DrTimothyAldenDavis commented 2 years ago

I can add some comments.

Sometimes the end user wants delete the parts they don't need (by deleting a folder, or equivalently, use -DNCHOLESKY=1 to not compile the Cholesky module). They might be using CHOLMOD within KLU for example, where they only need the Core and Partition modules to call METIS.

That's why the default is false: that means the Cholesky module should be used by default.
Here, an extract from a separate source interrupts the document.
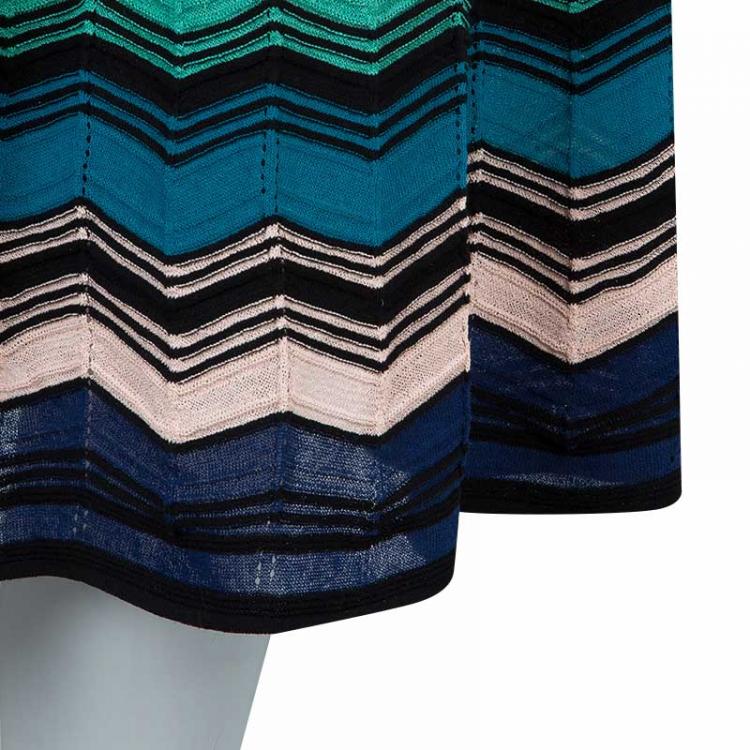 Pre Owned M Missoni Multicolor Zig Zag Pattern Sleeveless Knit Dress M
kiwifb commented 2 years ago

I can understand the tinkering to get what you want. My point in that particular bit is that I expected the code to look like

    if ( NOT EXISTS ${CMAKE_SOURCE_DIR}/Cholesky )
        set ( NCHOLESKY false )
    endif ( )

and I shouldn't have included the earlier bit, that was only to help locate it. If you remove the Cholesky folder, EXISTS returns FALSE, then NOT makes it TRUE. NCHOLESKY is currently set to true if the folder is missing. I would expect it to be false if the code has been removed.
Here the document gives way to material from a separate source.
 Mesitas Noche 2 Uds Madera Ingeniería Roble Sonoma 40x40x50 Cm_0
DrTimothyAldenDavis commented 2 years ago

NCHOLESKY true means "do not compile with the Cholesky module" (N for negation, like NDEBUG for assert.h). So if the folder Cholesky has been deleted (or renamed), then I set NCHOLESKY to be true, which then disables the build of the Cholesky module. The code gets -DNCHOLESKY=1 and then even if compiled, all the codes in CHOLMOD/Cholesky get turned off, with

#ifndef NCHOLESKY
... all the code here ...
#endif

I've clarified it with comments and simplified the logic a bit to make it more readable: https://github.com/DrTimothyAldenDavis/SuiteSparse/blob/dev2/CHOLMOD/CMakeLists.txt

I'll do some more testing and call it beta8. Currently that change is only on the dev2 branch.

kiwifb commented 2 years ago

Right! Negative options. I have to redo all my packages with options for that flip.

kiwifb commented 2 years ago

I'll ask another probably annoying question: I am looking at klu but there may be more instances elsewhere. We have

find_package ( CHOLMOD 4.0.0 REQUIRED )

then why do we have section like

if ( CHOLMOD_FOUND )

If you marked CHOLMOD as REQUIRED cmake just stops at the configuration stage if cholmod is not found. So, CHOLMOD_FOUND is always true if you can make it this far. The alternative is that you didn't mean to make cholmod an absolute requirement.

DrTimothyAldenDavis commented 2 years ago

Oops. I think that was a mistake -- I think I added that "REQUIRED" just for testing and didn't mean for it to sneak into the release.

kiwifb commented 2 years ago

I am about done. I currently do not a nvidia gpu handy to do the cuda stuff. So, I have to skip GPUQREngine and SuiteSparse_GPURuntime and the gpu bits of SPQR. The only item on my wish list would be a NOPENMP option to turn it off if I wanted to. Generally a switch for optional stuff in various packages would be good (instead of what we call automagic in packaging circles) but I think we can live with the current state.

DrTimothyAldenDavis commented 2 years ago

Just posted beta8. Added NOPENMP would be pretty simple; I already support the building of the packages when it's not found. I can do a beta9.

kiwifb commented 2 years ago

It would be nice to have NOPENMP in. I otherwise have all my ducks in a row for my packages, and I can easily switch between betas now. Have to include the doc for amd, camd and klu now that you have merged that little fix.

DrTimothyAldenDavis commented 2 years ago

Here you go ... NOPENMP is in place: https://github.com/DrTimothyAldenDavis/SuiteSparse/releases/tag/v6.0.0-beta9 .

With a caveat about thread safety in GraphBLAS that is carefully documented.

kiwifb commented 2 years ago

All working. At the moment I am not doing GraphBLAS as part of suitesparse. I had a go at it as a separate thing and it worked. Since it doesn't need any of the other suitesparse element I am taking its packaging with suitesparse as a convenience.

I am happy with the state of things on my side.

DrTimothyAldenDavis commented 2 years ago

Great! Thanks again for all the valuable feedback.

Yes, GraphBLAS is part of SuiteSparse, in principle, but doesn't rely on any other package, and no other package relies on it. In the future, that will likely change. But for now, your observation is correct, and it can be a separate thing.